Of course, the cold facts of Showa do not always support the rosy view the current nostalgia suggests. But nostalgia breeds on perception, not facts.

Post-war Showa is remembered with affection for its clear goals, hard work, small pleasures, family cohesion and the sense that life could only get better. It is remembered for three-generations-under-one-roof, streetcars, and wild rivers before they were dammed. Showa was when you ate dinner at low chabudai tables, seated on the tatami, and endured the summer heat in your starched cotton yukata with the help of electric or paper fans and shaved ice, while listening to the shrilling of the cicadas or the chirping of the crickets. For the breadwinner, Sundays on the golf course were his only chance to get away. Holidays were not taken, bonuses saved, not spent. Showa was about dedication and hope.

The ugly side of Showa - air pollution, hideously overcrowded trains, inhumanly long working hours, sub standard housing - is not part of the Showa nostalgia, unless caught in artistic black-and-white photographs. Even the life of the emperor who gave the era its name is not part of it, for Showa is about a mood, not a person.

Perhaps, in the final analysis, the memory of Showa is the memory of youth as that vital period when you discover that beauty can be found in little things, and that friendship and personal effort can yield great rewards. The way youth should be, and mostly was, but in a world awash with gadgets and television and ready-made entertainment so seldom is anymore. The memory of Showa is also about belonging - to a family and an employer and a firm social structure, all for life. That security too has gone.

I was born in the 7th year of Showa, 1932, and landed in Japan in 1950, aged 18, shortly after the start of Benign Showa. In 1953, Emperor Showa passed my office in a boxy limousine. And 36 years later, on the day he died, I was on hand to place my signature 'as an objective witness' in the condolence book at the Imperial Palace.

The following extract from my recently published memoir The Magatama Doodle reflects some of my earliest reactions to Japanese life. I had recently arrived and was working as a management trainee in the Kobe branch of a Dutch bank. I shared a wing of a fine Japanese house with a rather irksome older colleague, referred to as A.

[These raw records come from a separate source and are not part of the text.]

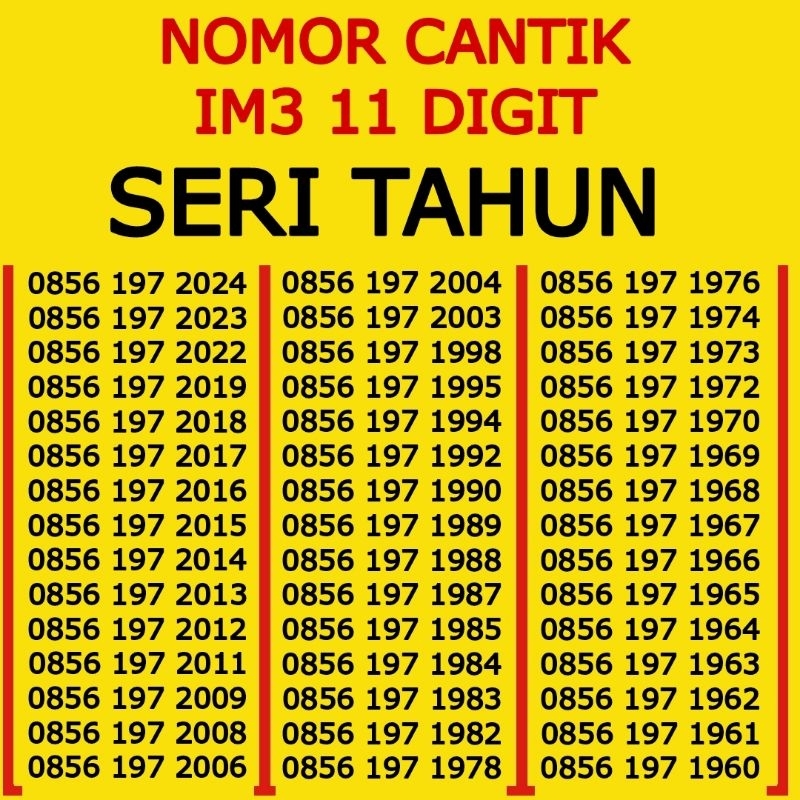No IM3 Cantik Seri Tahun / Nomor Cantik Indosat ( Nomer 11 Digit )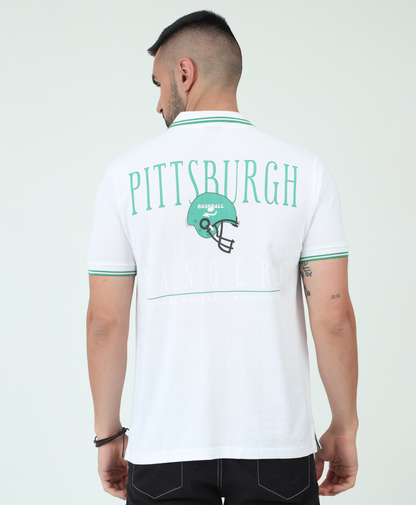 White Back printed Polo T-Shirt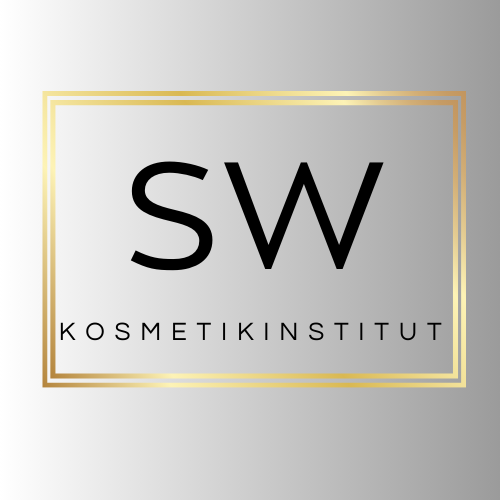 Ein Logo für das SW Kosmetikinstitut mit einem goldenen Rahmen auf grauem Hintergrund.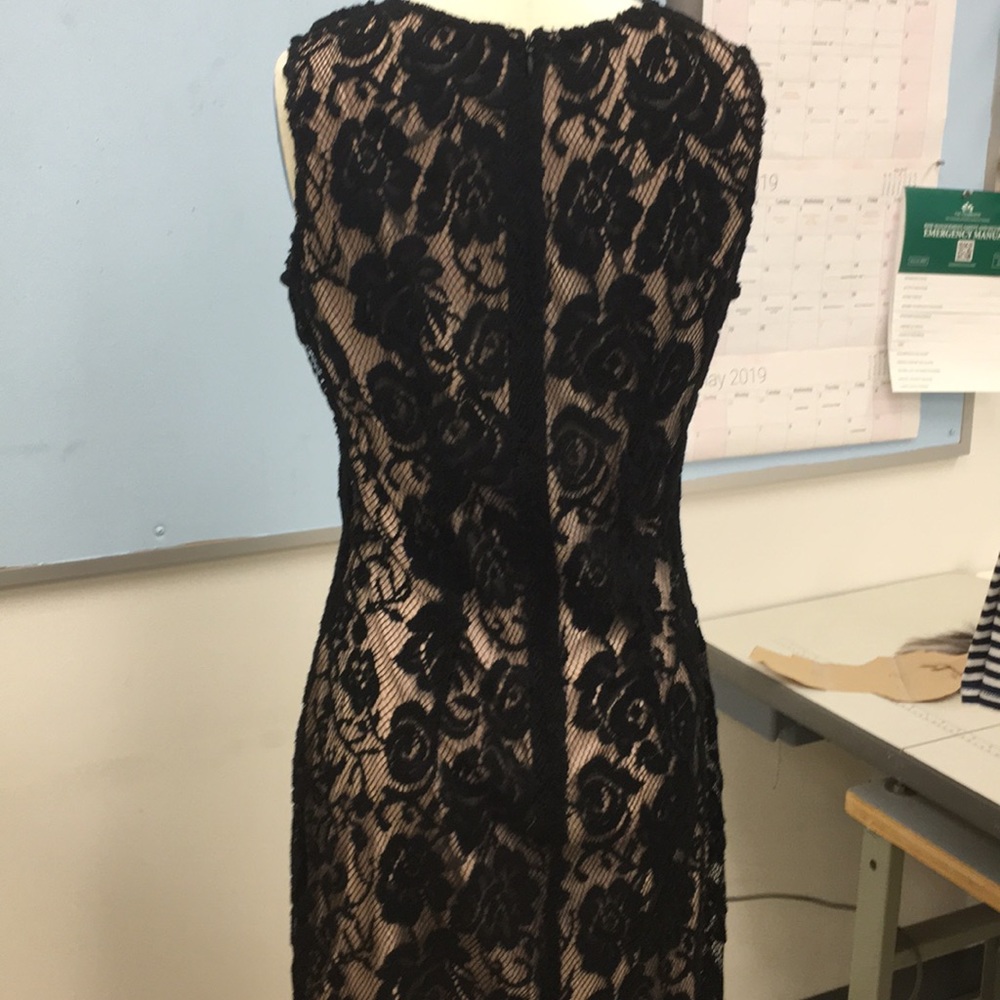 Sharagano Black Lace Dress Size 8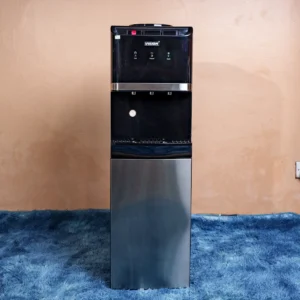 Vision Plus VPWD3CC water dispenser in silver – Features hot (85–95°C), normal, and super cold (5–10°C) water taps, advanced compressor cooling system, child safety lock on hot tap, under-storage cabinet, and durable PVC build. Ideal for homes and offices seeking convenient and safe hydration solutions. Available now at Tael Appliances.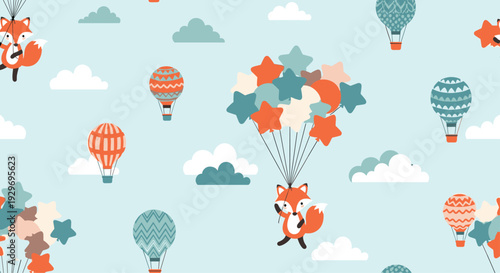 Charming seamless pattern of a little fox flying high in the sky with a bunch of star-shaped balloons and hot air balloons.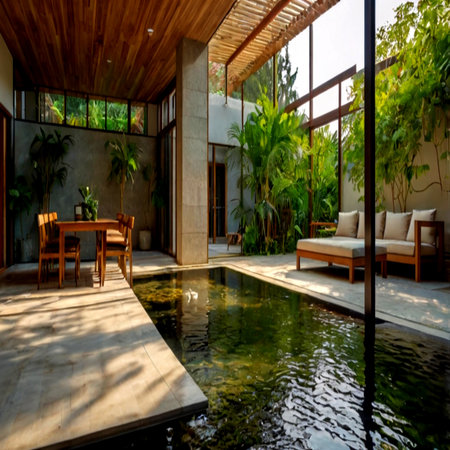 Luxury villa with swimming pool and garden view, Thailand.の写真素材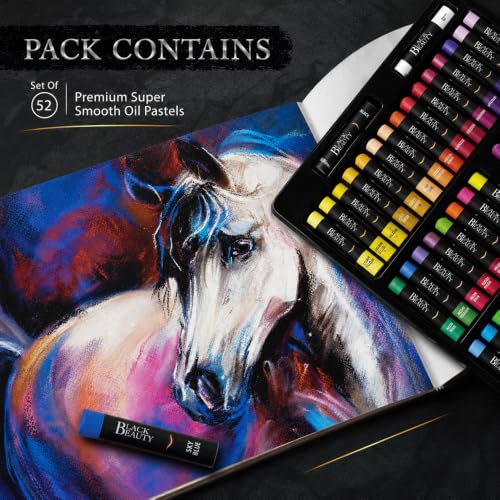 Image of Black Beauty Oil Pastels 52 Shades Set | 44 Classic, 4 Neon & 4 Metallic Colours | Super Smooth Pastels for Drawing, Blending, Shading & Layering | Art Supplies for Kids & Artists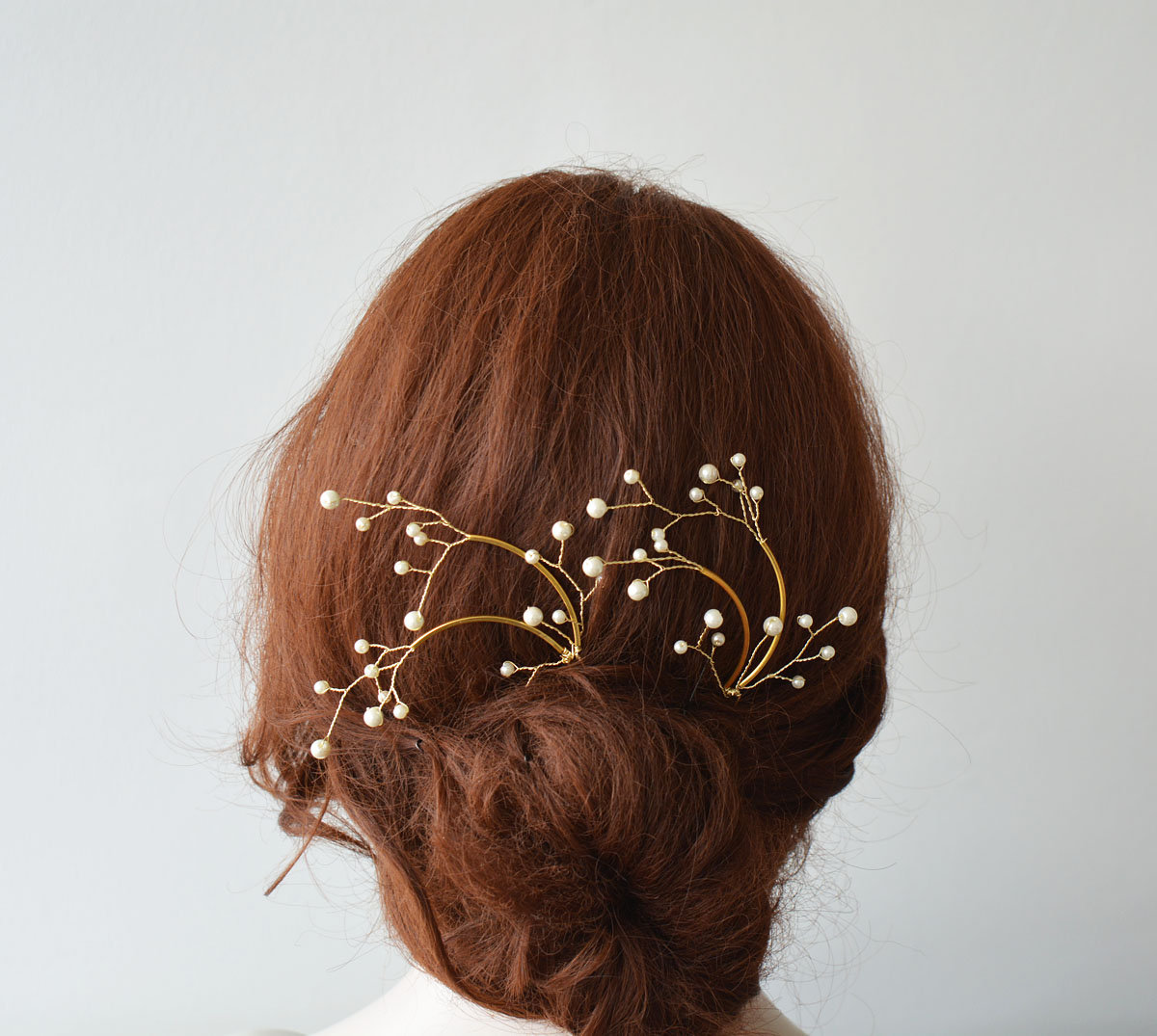 Gold Pearl Branch Bridal Hair Pins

[p. 16/17] While A. was complaining about the stacks of office work he alone had to bring home with him, I learned to keep the charcoal glowing in the aubergine-glazed brazier our landlady brought us on returning home, to keep our hands warm before we got the kerosene heater going. She was a fine lady with a chiselled face fallen on hard times. She wore her greying hair tied in a bun, and was never seen in anything but sober kimonos in blue and grey hues. She was of firm but considerate disposition. She moved about the spacious rooms with dignity and barely a hush.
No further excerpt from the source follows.